Palazzo dei Diamanti a Ferrara riapre sotto il segno della contemporaneità dopo la chiusura forzata, con la mostra dal titolo Un artista chiamato Bansky, visibile fino al 27 settembre di quest’anno. L’esposizione, curata da Stefano Antonelli, Gianluca Marziani e Arcoiris Andipa, è stata ideata e prodotta dall’Associazione Culturale MetaMorfosi con la collaborazione di Ferrara Arte.

Palazzo dei Diamanti: presentando Bansky

Palazzo dei Diamanti: una mostra didascalica, senza sensazionalismi, ma dalla profonda volontà di far conoscere al visitatore un protagonista dell’arte contemporanea tanto citato quanto sfuggente. Il lavoro curatoriale si distingue per l’impegno nella ricostruzione storica dell’opera dell’artista. I grandi grafici prodotti da Stefano Antonelli diventano mappe mentali che ricongiungono assieme le informazioni principali sul lavoro dell’artista: la sua presenza nel mondo geografico; la sua presenza nel mondo dell’arte. Gli stessi pannelli cronologici, che ti accolgono nella prima sala hanno la funzione di accompagnarti nella scoperta dell’operato dell’artista, proseguito senza sosta dal 1998.

Bansky in Action

Oltre 100 le opere presenti nelle sale di Palazzo dei Diamanti, la maggior parte delle quali sono serigrafie su carta, cn datazioni che vanno dal 2002 al 2017. Non mancano gli spray, su carta e su tavola ma sono presenti decisamente in minor misura. Immancabili le copertine dei vinili e i manifesti prodotti dall’artista per la mostra Bansky Vs. Bristol Museum, tenutasi tra luglio e agosto 2009; Le T-shirt Dismaland, le varie stampe su carta.

Una delle punte di diamante dell’esposizione, Di-Faced Tenners, la moneta da dieci sterline stampata da Bansky nel 2004, e presentato la prima volta al Nothing Hill Carvival. La performance, ripetuta in occasione del Reading Festival dello stesso anno, vedeva l’artista lanciare alle folle manciate di queste banconote. La particolarità, il volto di Lady D al posto di quello della regina, e la scritta Bansky of England che sostituisce l’originale Bank of England.

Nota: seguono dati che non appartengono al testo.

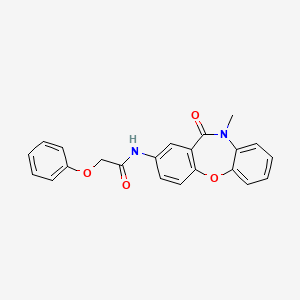 molecular formula C22H18N2O4 B2986546 N-(10-methyl-11-oxo-10,11-dihydrodibenzo[b,f][1,4]oxazepin-2-yl)-2-phenoxyacetamide CAS No. 922131-58-6
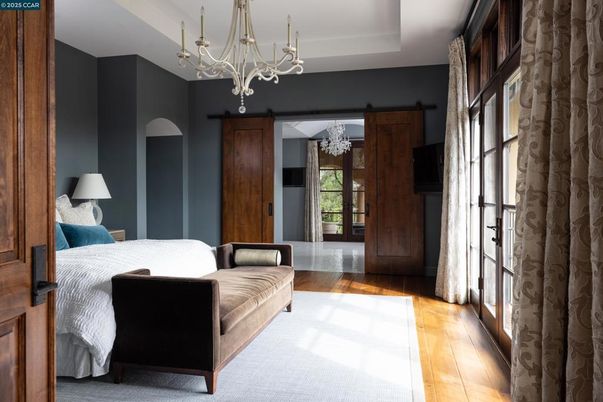 Bedroom, Chandelier, Interior, Wood Texture Flooring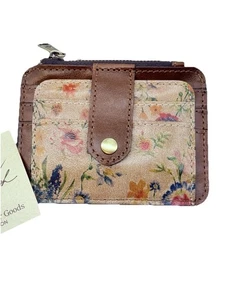 Patricia Nash Cassis Ausweis Geldbörse Prairie Rose Leder RFID Neu Mit Etikett Floral - Bild 1 von 9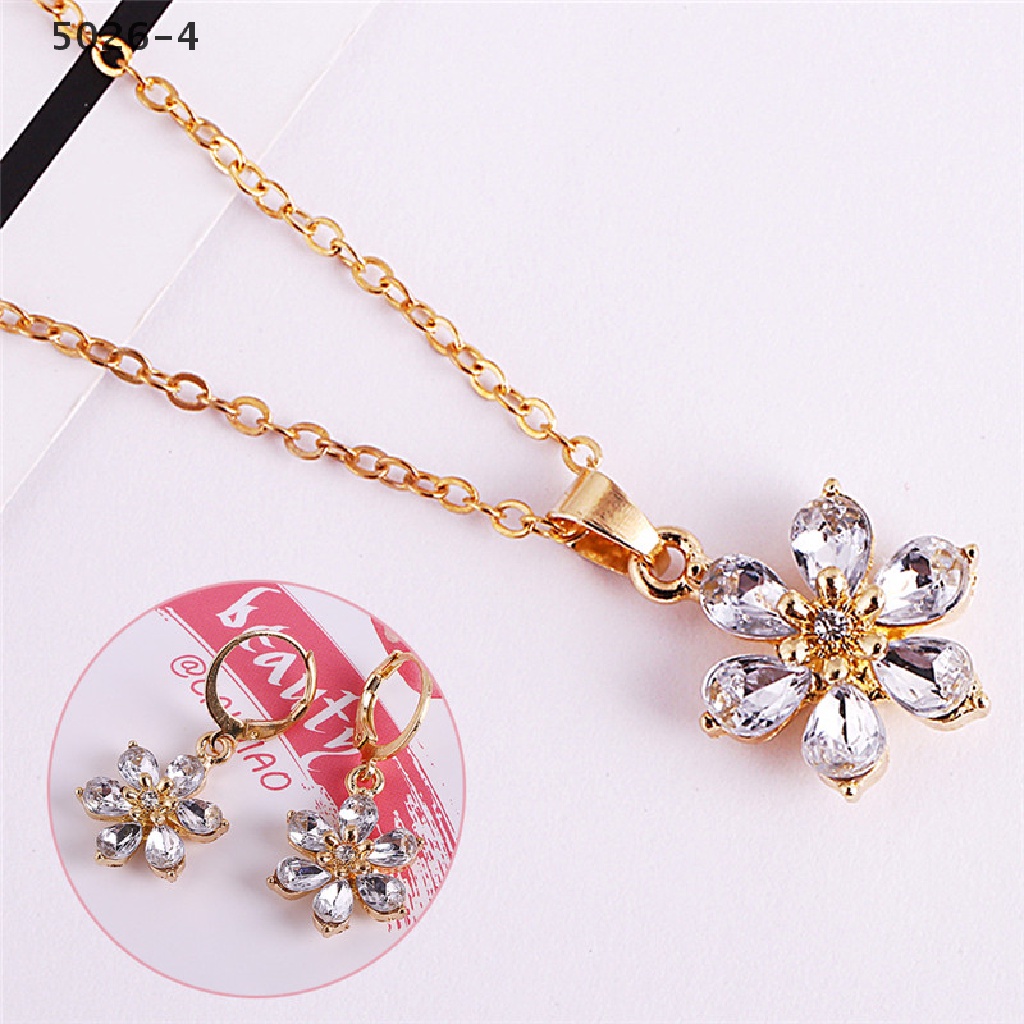 5026-4 Fashion Gold Plated Jewelry Set Rhinestone Flower Pendant Necklace Earrings Jewelry Set 5026-4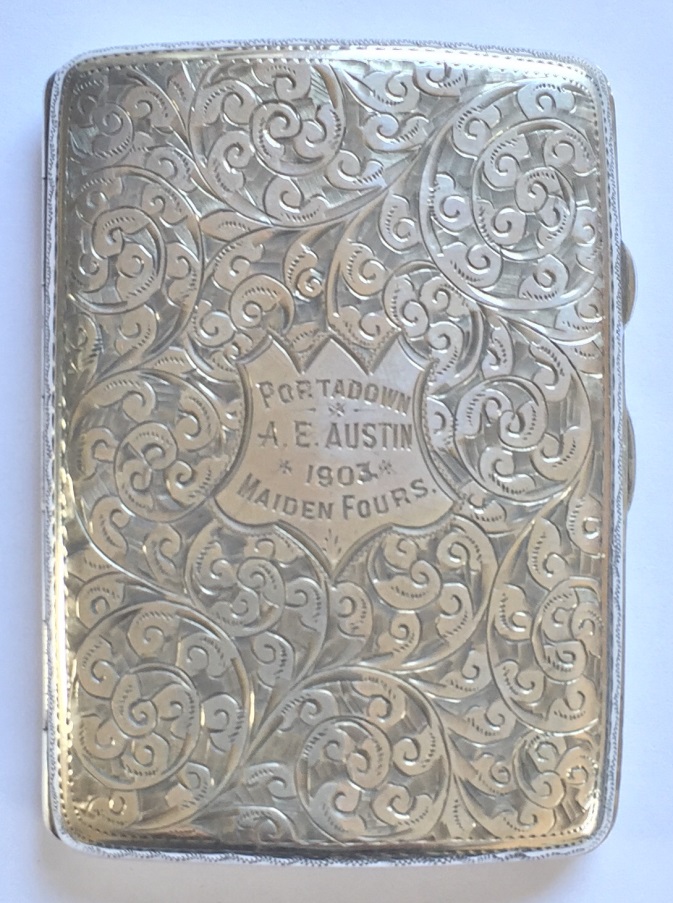 Silver cigarette case presented to A. E. Austin, winner of the Maiden Fours at Portadown Regatta in 1903. 8cm x 5cm – hallmarked Chester1902.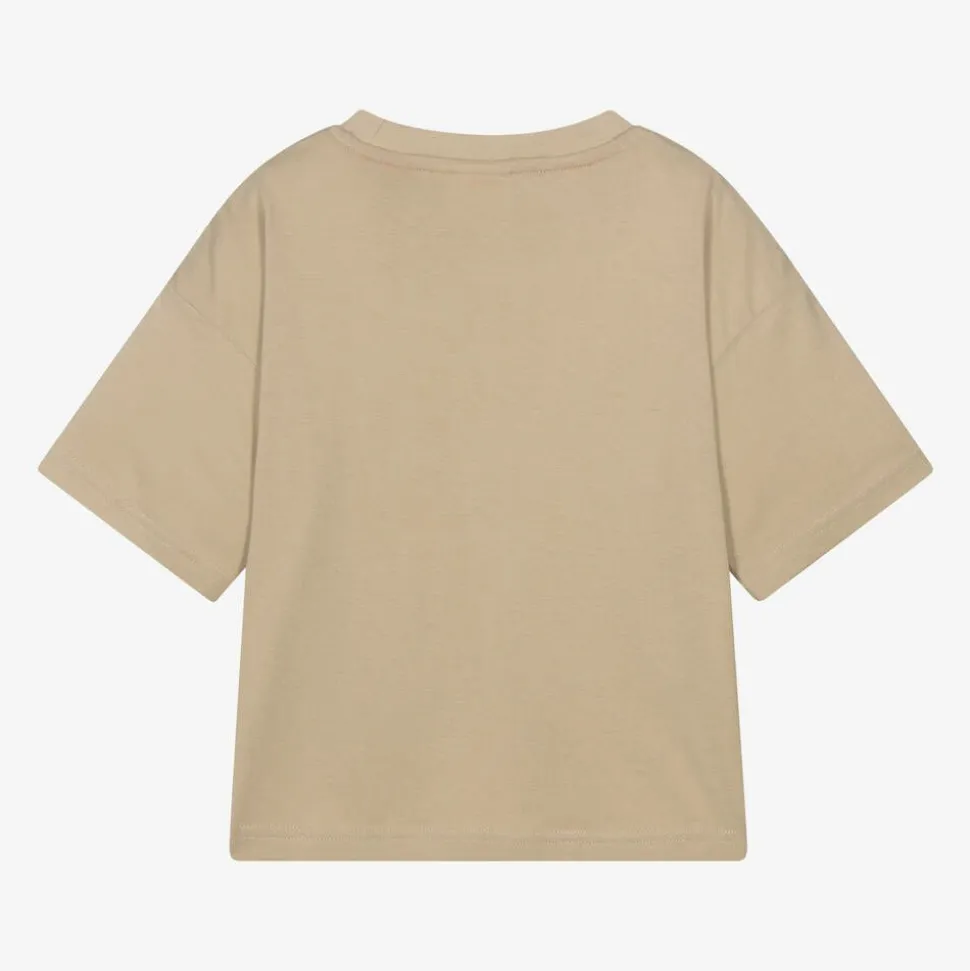 Boys Beige Organic Cotton Stacked Logo T-Shirt
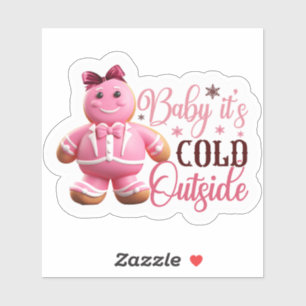 Feestelijke roze peperkoek man verspreidt juichen sticker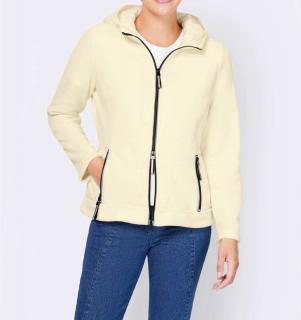 Kapuzen-Fleece-Jacke champagner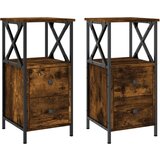 Maison Chic Dvo delni komplet Nočne omarice - Nočne mize dimljen hrast 34x35,5x70 cm inženirski les, (21687342) Cene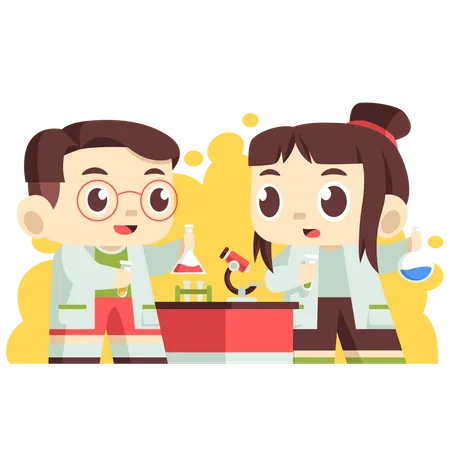 Children doing science experiment  Illustration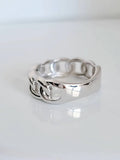 Sterling Silver Large Bold Chain Ring - view 7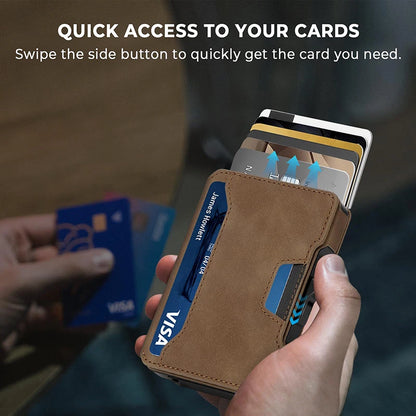 Minimalist Mens Wallet with Money Clip, Aluminum Pop Up Card Case and Leather Slots Credit Card Holder RFID Blocking Wallet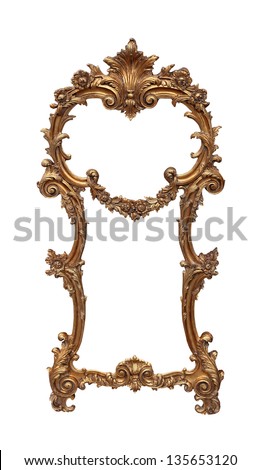 Gold baroque frame with angel statues ornaments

Bansky, Mickey Snake, 2015 - Photo Credits: Palazzo dei Diamanti
Bansky, Mickey Snake, 2015, fibra di vetro, poliestere, resina, acrilici, 72x82x262 cm
Brentwood (UK), Brandler Galleries, BGi/30

Altra opera formidabile visibile alla mostra è Mickey Snake, il serpente «visto dal di fuori», nel pieno della digestione di Topolino. La scultura è stata presentata a Dismaland, il parco a tema temporaneo aperto nel 2015 nel sud dell’Inghilterra. Il linguaggio farsesco e beffardo stavolta viene declinato in un’opera che usa il citazionismo come regola della propria grammatica: dal Piccolo Principe al celeberrimo Mickey Mouse, scelti quali mezzi ottimali per inserirla all’interno di un fantomatico mondo dell’infanzia, onnipresente nell’opera dell’artista.

Rappresentativi anche i tre Black Books editi dall’artista dal 2001 al 2004: Banging your head agaist a brick wall (2001); Existencilism (2002); Cut it out (2004). I volumi, inseriti in una delle teche orizzontali, sono una miscela di immagini, poesie, pensieri e aforismi dell’artista. Rappresentazione di una parte della produzione editoriale di Bansky.

La grammatica di Bansky

Nonostante la mostra non sia presente nel calendario aggiornato dall’artista delle mostre “non autorizzate”, ha tutti i meriti per farne parte. Studiata attraverso un percorso innanzitutto conoscitivo, e solo dopo estetico, mette al centro dell’attenzione il senso filosofico-poetico e soprattutto etico dell’opera di Bansky, senza cadere in banalità o inutili devozioni, lontane dal linguaggio dell’artista.

Scrive il curatore Gianluca Marziani nel testo critico del catalogo:

Lo capiscono tutti in quanto usa la grammatica degli oggetti e la sintassi delle storie condivise. Si alimenta di cronaca e realtà, ribaltando storie che toccano l’umanità intera. Non esiste pratica esoterica bel suo sistema visuale, nessuna difficoltà di approccio superficiale, tutto risulta leggibile ed impattante […]. La profondità esiste, sia chiaro, ma è un gioco di layer sottostanti, da praticare con metodo riflessivo. Sotto la superficie si nasconde la complessità eterogenea, un intreccio di possibili letture che indirizza il progetto su varie piattaforme analitiche.